My Focus on Documentary Photography

Like I said in the previous blog post, I would explore my main area of focus in photography, which is documentary photography.

This is something that I have been doing, in a sense, for several years now. Ironically I started out in it by doing the very thing I criticize now, which is creating my own contexts and narrative for people or domestic spaces. I had a rather intense passion for writing when I was younger, which seemed to have manifested in my earlier pieces.

I think like many photography students, or just university students in general for that fact, you become exposed to many more cultures and in turn, become more aware of the issues that face our society as a whole. I think that the only difference is that if you focus your efforts in documentary photography, your focusing your efforts on documenting these types of things.

Like many people, during this time, I became much more left leaning than I originally had, 'radicalized' if you will, and it results in an altered perception of things you previously thought you understood. To photograph people, and to discuss people, there needs to a certain level of abstinence. If you're going to document cultural and political events, you need to understand that your role as a photographer is to be completely neutral. If you begin to photograph a right wing event and then say "well I support the left, so this whole event was actually stupid", then you're not taking photographs of a right wing event, you're merely satirising an event for your own gain. If an event satirises itself, and if the people make themselves appear as idiots, then fair game. But personally, I don't think its within a documentary photographer to decide, based off their own opinions, what is and isn't truth. Because that feels like it treads more along the lines of propaganda in a sense.

This realisation of how I interpreted photography ultimately changed how I created my projects within this genre of it. I realised there was a region I could photograph without it slipping into all those political rabbit holes and that is observation of my family. Which sounds like the cheap route out, but I promise it's not. The brilliant thing about photographing your own personal lives is that its a situation that whilst it may have common experiences that lots of families encounter, the perception of that experience is entirely unique to you. So with that, you're able to document it in whichever way you see fit. Documentary photography is a way of documenting life, but it is also a canvas to documenting how we live that life and the experiences that come from that way of living.

My one problem with photographing my own family is that I often use the worse moments as a template for my work, which makes me an opportunist in this regard. Whilst I see it as photographing moments of extreme change within these confines, it is still a case of waiting for those things to happen.
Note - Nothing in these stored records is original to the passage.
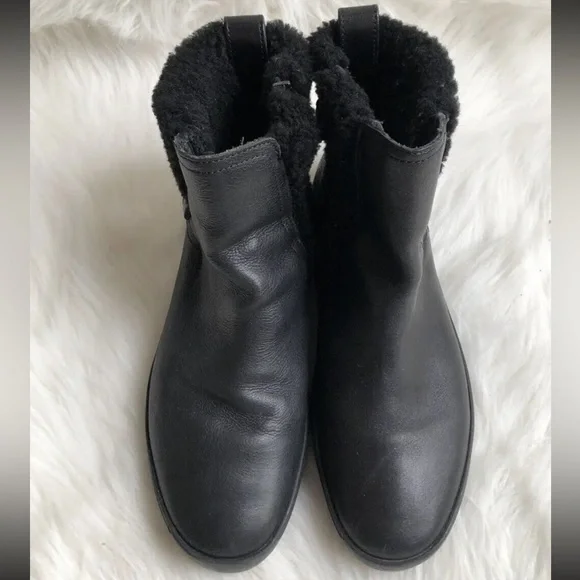 Rag & Bone Farling Black Leather Shearling Booties - Picture 5 of 9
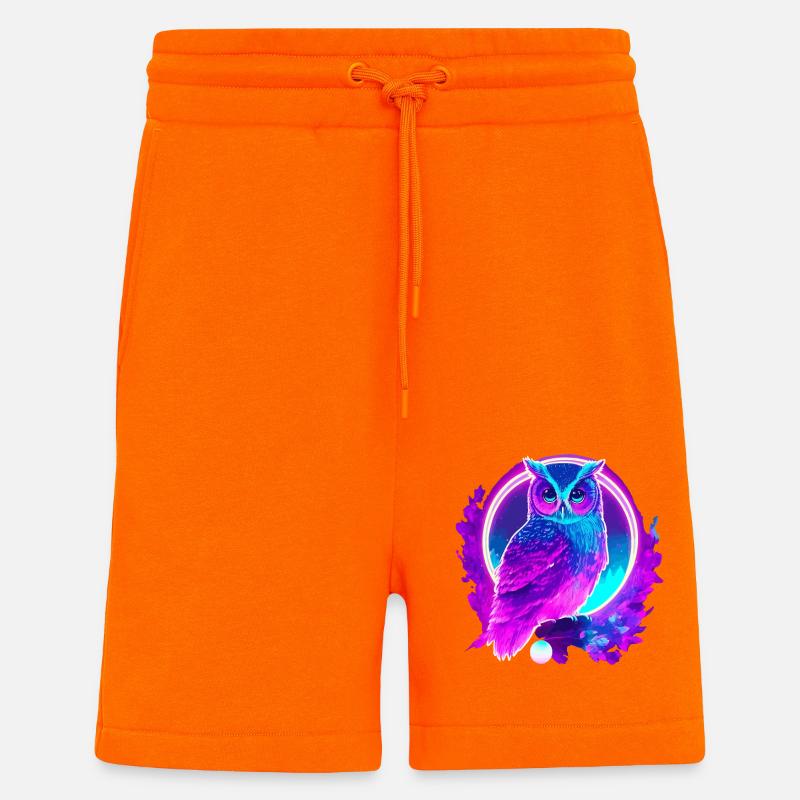 Owl Neon Moon Synthwave - Shorts - made by SPREAD - SUNSET ORANGE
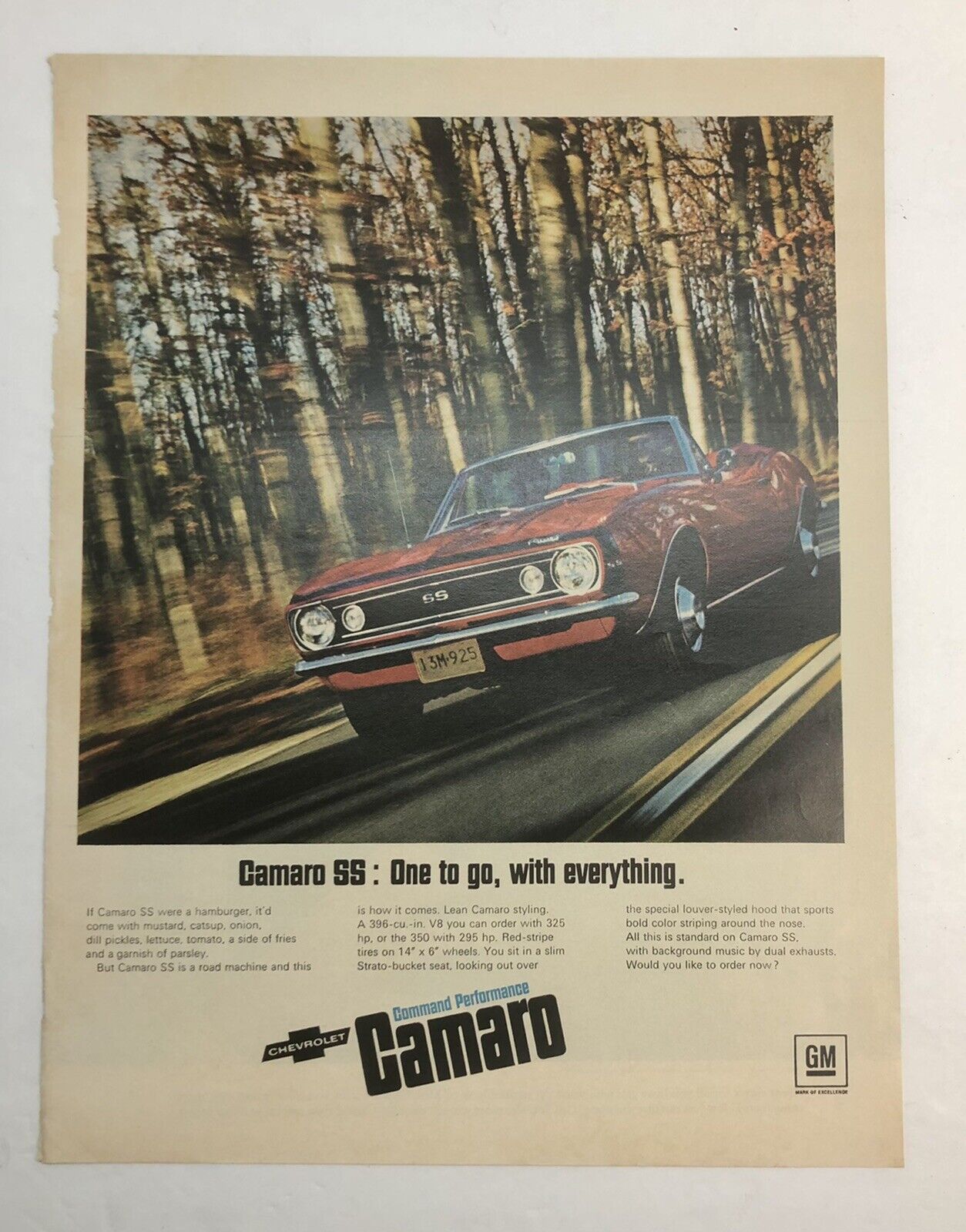 1967 Chevrolet Camaro SS Magazine Big Print Ad Poster Photo 10x13 Red 67 - READ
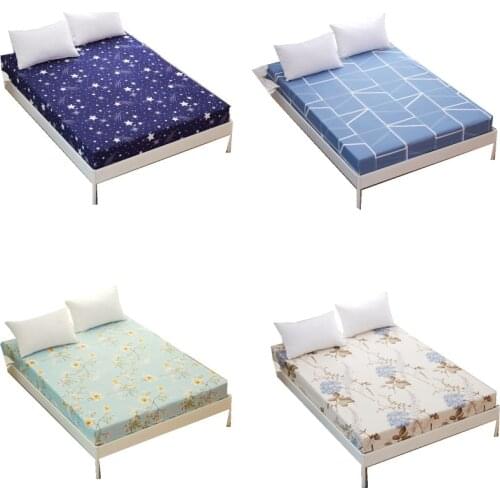 【Mattress Cover Protector】Fitted Bedsheet With Elastic Band Flower Super King/Queen/Double/Single 120/150/180/200 Bed Set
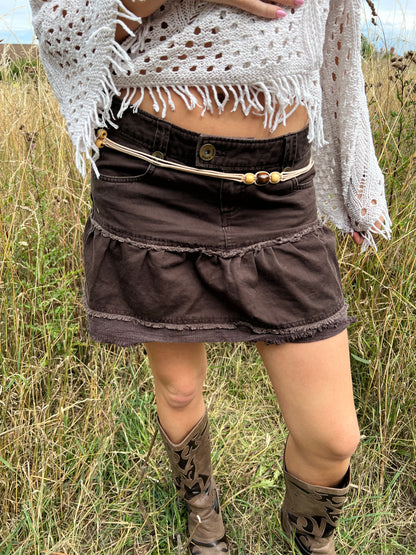 Brown denim mini skirt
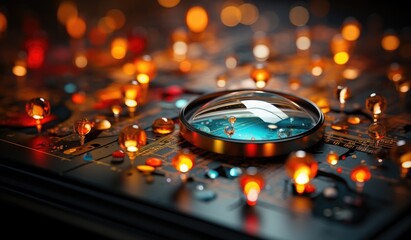 Amidst the dimly lit indoor space, a magnifying glass reveals the intricate circuitry of a candle-powered light, inviting curiosity and appreciation for the beauty of technology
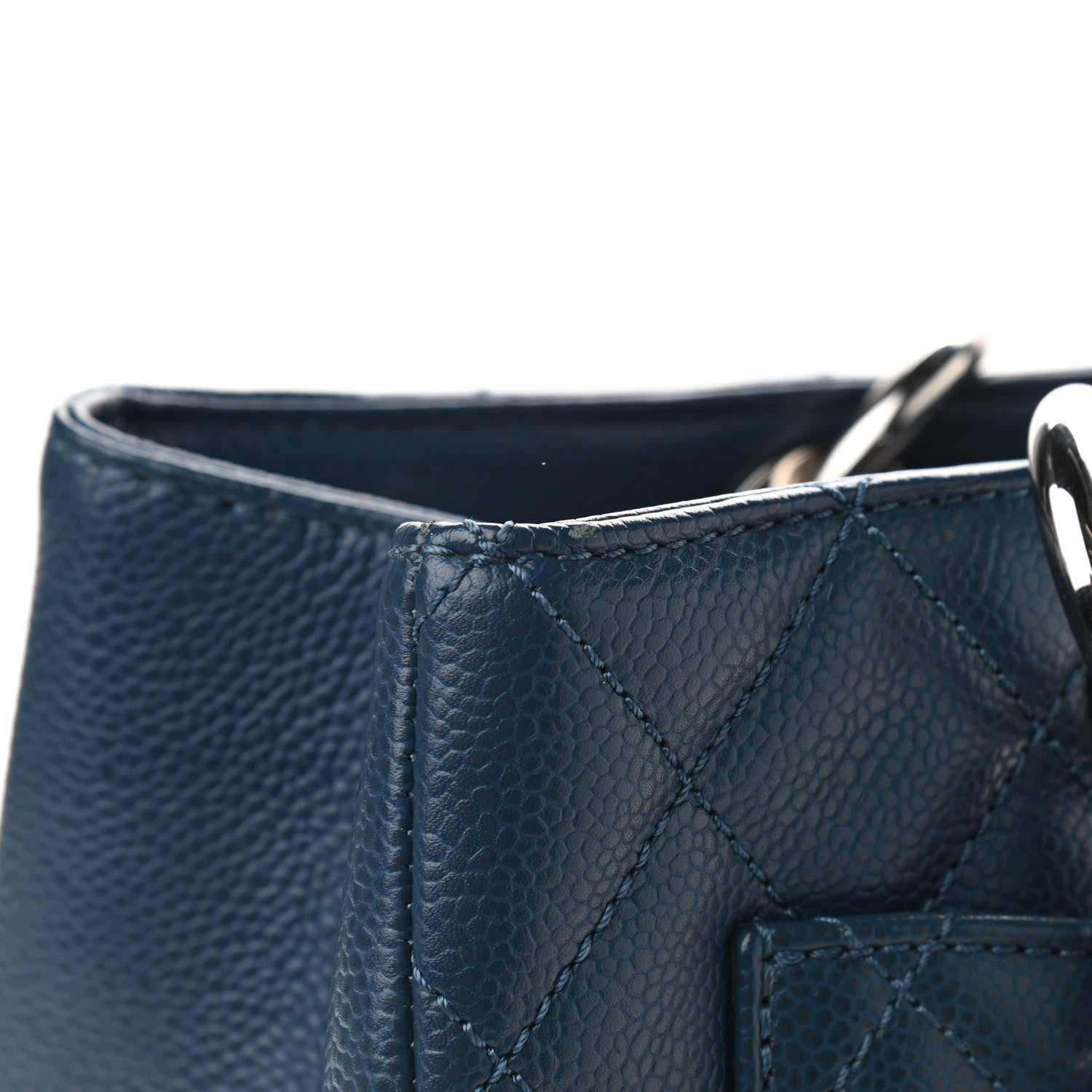 Chanel Caviar Quilted Grand Shopping Tote GST Dark Navy Blue 8 of 11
It is also a case to make that whilst I don't necessarily want these things to happen, I am also aware that sooner or later they will, and then for me to understand these situations, I will feel the need to shoot them.

When it comes to documentation, I also use buildings as a talking point. Like previously stated, architecture itself, whilst born from cultural and political events, is still a very neutral object. Like I stated in the previous photograph, "I don't necessarily want these things to happen, I am also aware that sooner or later they will", I personally believe that there is not much to be spoken about the past of buildings. They exist in the here and now, so I see it as something to discuss on what these buildings were like. But because they have the neutrality, there becomes the ability to project onto them. So for example in my current project, I am photographing the change in Huddersfield's town centre and its eventual demolition to make way for a wave of post modernism. The project to me, is a way of absorbing how these buildings are at the present time and acknowledging the inevitability of change. Whilst there are criticisms to be made of the past, its not the sole focus, merely an observation of what has happened and using that past information and data to merely inform on what will happen.

Maybe this has rambled on a bit, but this is me essentially stating my stance in the genre. I don't want to use documentary as a way of commenting on social groups, nor do I want to try sway someone from left to right or vice versa. I just want to use it as a way of documenting change wherever I see it, whether it be personal change or change in our environment.